People accept that it’s wrong to judge based on skin color, but most people think that there’s a right (read: white, middle class, “standard”) way to speak.
If I were reading this text aloud to you, your brain could use the sound of my voice—the way I combined vowels and consonants, the subtle shifts in inflection, the vocabulary I used, the order of those words, and maybe even the frequencies I produced—to determine my ethnicity. And your brain would very likely get it right.
Can you tell “what” I am from the slant of this typeface? I didn’t think so.
The field of sociolinguistics studies how language is socially constructed—that is, how who we are determines how we say what we say. And any good sociolinguist will tell you that, as listeners, we place almost as much value on the “how” as we do on the “what”: we judge people according to how they sound. Speech is as important as skin color to our assessments of—and potential discrimination against—people who are different from us. Sociolinguists call such discrimination linguistic profiling.
(Linguistic profiling can be used for more than just discrimination. Voices can be analyzed like fingerprints and used to ID individuals; such analysis can solve crime or open doors with voice recognition technology.)
But sociolinguists have a hard job. It’s nearly impossible to sort out all of the variables that contribute to our judgments about who someone is. Erik Thomas, Jeff Reaser, and Walt Wolfram at NCSU have spent parts of their careers trying to narrow it down. In a forthcoming chapter in Linguistic Profiling and Linguistic Human Rights, Thomas reviews several decades worth of scholarship, and the big conclusion is…a question mark. We know that people can make good guesses about ethnicity from phonological features—sounds alone, no syntax or vocabulary clues, but we don’t know which phonological features are the key.
Thomas writes that studies—most of which use recorded samples of African American (or “black”) speech as well as other control samples to survey listeners—have determined that there are prototypical features of African American speech. Sociolinguists call speech that contains such features “marked” speech. Studies also show that non-prototypical black speech (i.e. the speech of black speakers from isolated southern towns which shows more marked features typical of southern, not black, speech) is less recognizable to white listeners. But more prototypical black speech, even without marked words and syntax—is recognizable.
The key, says Thomas, is in the way that African American speakers use vowels and consonants and in the rhythm and intonation—or prosody—of their speech. But what’s the recipe? What features, when absent, erase the speaker’s race?
In 2004, Thomas and his colleague Jeff Reaser collected samples from African American speakers in Hyde County, North Carolina—a region where Black speech contains fewer prototypical features.
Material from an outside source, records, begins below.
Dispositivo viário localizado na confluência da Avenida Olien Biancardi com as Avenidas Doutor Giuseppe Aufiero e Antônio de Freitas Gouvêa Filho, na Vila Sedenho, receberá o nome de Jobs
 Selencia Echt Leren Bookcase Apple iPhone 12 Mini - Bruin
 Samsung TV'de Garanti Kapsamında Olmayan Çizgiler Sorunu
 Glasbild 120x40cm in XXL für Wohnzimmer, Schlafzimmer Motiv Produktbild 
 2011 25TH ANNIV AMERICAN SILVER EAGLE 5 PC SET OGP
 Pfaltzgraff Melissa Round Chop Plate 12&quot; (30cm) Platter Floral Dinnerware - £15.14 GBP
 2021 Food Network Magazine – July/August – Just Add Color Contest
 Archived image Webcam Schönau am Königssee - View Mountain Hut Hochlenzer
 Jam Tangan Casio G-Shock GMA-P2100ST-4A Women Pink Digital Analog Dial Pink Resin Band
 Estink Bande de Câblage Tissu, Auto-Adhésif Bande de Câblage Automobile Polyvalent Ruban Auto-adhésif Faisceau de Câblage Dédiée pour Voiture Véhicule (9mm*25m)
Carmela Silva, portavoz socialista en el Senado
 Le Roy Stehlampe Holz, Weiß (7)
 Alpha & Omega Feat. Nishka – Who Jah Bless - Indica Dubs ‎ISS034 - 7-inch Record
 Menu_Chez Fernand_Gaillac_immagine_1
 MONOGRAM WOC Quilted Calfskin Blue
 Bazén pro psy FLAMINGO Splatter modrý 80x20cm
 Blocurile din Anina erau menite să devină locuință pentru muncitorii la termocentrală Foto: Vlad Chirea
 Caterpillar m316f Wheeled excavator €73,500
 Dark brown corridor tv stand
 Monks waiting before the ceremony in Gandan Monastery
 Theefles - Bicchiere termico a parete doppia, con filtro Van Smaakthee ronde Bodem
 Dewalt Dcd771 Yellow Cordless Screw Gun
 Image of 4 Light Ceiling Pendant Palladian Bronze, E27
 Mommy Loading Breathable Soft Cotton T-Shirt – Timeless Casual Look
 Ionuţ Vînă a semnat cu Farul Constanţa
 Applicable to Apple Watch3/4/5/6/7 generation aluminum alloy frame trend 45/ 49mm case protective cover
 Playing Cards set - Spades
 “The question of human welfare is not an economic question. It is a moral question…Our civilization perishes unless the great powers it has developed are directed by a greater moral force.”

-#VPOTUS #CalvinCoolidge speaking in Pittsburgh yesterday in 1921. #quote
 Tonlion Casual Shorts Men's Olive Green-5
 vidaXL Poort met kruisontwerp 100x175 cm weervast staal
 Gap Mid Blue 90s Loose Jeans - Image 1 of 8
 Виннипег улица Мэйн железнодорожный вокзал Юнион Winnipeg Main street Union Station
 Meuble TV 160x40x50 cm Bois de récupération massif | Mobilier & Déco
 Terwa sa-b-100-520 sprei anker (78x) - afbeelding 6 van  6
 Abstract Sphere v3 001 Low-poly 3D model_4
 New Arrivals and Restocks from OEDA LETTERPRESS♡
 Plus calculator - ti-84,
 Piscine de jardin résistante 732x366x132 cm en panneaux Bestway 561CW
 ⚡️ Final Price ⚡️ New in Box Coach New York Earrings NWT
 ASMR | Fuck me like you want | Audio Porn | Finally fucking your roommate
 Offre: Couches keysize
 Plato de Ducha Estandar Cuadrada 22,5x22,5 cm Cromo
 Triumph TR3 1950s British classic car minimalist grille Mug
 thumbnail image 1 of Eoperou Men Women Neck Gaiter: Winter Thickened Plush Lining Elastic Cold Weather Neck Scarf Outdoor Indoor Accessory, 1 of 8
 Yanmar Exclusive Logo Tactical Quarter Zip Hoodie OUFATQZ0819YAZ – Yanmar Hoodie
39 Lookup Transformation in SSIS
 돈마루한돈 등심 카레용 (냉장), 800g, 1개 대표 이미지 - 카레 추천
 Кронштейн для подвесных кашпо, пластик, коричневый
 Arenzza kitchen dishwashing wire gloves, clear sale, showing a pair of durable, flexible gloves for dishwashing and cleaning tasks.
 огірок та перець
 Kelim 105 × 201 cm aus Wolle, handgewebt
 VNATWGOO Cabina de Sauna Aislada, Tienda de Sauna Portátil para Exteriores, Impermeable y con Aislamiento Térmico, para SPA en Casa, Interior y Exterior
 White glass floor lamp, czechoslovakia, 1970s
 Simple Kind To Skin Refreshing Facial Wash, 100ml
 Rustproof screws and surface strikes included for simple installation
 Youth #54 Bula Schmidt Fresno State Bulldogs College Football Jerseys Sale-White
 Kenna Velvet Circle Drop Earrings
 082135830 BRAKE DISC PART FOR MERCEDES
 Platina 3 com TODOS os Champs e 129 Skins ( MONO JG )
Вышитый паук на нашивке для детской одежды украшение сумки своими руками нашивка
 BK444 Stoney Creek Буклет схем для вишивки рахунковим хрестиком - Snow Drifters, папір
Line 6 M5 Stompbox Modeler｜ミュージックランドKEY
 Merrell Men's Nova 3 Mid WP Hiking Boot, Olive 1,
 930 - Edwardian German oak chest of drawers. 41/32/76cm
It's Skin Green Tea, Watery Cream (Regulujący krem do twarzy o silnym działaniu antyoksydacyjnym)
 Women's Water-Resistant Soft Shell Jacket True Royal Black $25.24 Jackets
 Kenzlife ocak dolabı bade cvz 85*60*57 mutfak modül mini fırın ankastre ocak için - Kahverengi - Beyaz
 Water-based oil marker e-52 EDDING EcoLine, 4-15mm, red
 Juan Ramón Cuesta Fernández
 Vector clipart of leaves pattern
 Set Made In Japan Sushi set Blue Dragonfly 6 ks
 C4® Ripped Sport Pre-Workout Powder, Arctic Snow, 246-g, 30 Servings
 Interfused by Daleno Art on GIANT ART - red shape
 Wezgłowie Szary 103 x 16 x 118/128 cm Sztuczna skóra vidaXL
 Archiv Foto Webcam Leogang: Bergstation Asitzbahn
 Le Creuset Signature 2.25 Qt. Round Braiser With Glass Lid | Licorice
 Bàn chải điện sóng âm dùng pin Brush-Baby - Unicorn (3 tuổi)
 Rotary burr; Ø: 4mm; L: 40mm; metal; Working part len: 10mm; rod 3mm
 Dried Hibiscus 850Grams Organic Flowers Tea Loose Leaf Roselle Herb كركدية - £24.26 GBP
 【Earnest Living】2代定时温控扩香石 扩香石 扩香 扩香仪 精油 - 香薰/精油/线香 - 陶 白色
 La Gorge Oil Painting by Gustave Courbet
They then used a computer program that allowed them to modulate vowel sounds to tweak, or monotonize, prototypical /o/ sounds. When they compared listener monotonized /o/s to the unchanged samples with “marked” /o/s, they found that the vowel helped listeners identify African American speakers. (A control group from the piedmont, where Black speech has many more prototypical features--sounds, words, and syntax--was much easier for listeners to identify.)
A follow-up study using different analytical methods and extending the listener sample to include West Virginia University students as well as NCSU students is forthcoming. Its results imply that listeners use different cues to determine the ethnicity of males and females.